The Easter weekend is upon us and it is a time when many of us get together with friends and family to share a meal. Probably the most common get together is Brunch. But at that time it may still a bit early for anything to heavy. The Mimosa, a combination of sparkling wine and orange juice, is always refreshing. It is great when made with a low alcohol Moscato d'Asti from Italy. Moscato is also good with a float of cranberry juice on top. Brunch foods are extremely varied, but one item that I to bake is an applesauce cake. They are simple and there is no need to frost them. They are a nice Brunch cake, as a slice is equally as good with an omelet, as it is with fresh fruit salad or quiche. If your Brunch fair is a bit more savory - say with a poached salmon - try serving a slightly chilled Rose' or lighter style Pinot Noir.

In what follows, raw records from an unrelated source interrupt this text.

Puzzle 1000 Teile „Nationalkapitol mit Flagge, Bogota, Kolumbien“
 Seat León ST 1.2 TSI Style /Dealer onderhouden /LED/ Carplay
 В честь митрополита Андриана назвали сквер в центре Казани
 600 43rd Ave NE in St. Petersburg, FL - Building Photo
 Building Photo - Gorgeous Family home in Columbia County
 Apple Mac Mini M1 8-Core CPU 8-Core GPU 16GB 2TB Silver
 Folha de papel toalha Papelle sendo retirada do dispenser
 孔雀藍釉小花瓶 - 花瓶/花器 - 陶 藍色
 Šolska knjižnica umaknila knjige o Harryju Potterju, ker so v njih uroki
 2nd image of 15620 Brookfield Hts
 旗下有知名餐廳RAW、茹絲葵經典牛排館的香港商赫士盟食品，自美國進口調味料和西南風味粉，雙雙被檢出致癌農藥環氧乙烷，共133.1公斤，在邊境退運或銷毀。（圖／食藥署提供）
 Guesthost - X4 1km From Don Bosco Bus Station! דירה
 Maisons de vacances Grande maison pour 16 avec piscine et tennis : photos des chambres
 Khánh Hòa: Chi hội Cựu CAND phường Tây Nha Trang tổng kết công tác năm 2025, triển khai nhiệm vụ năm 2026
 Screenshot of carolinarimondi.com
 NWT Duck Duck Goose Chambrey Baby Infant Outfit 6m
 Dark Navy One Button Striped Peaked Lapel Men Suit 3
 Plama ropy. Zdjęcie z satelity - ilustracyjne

Many Easter dinners feature Lamb, and there is no hard and fast rule about what to serve. It really depends upon the preparation. I usually serve a blended white like Semillon Sauvignon Blanc or one of the new Chardonnay Viognier blends. For Reds try Pinot Noir or French style Syrah. Whatever you serve, and whatever you drink with it, just make sure that your main focus is upon enjoying your friends and family. Have a wonderful Easter and thank you for joining me on today's Vine to Wine.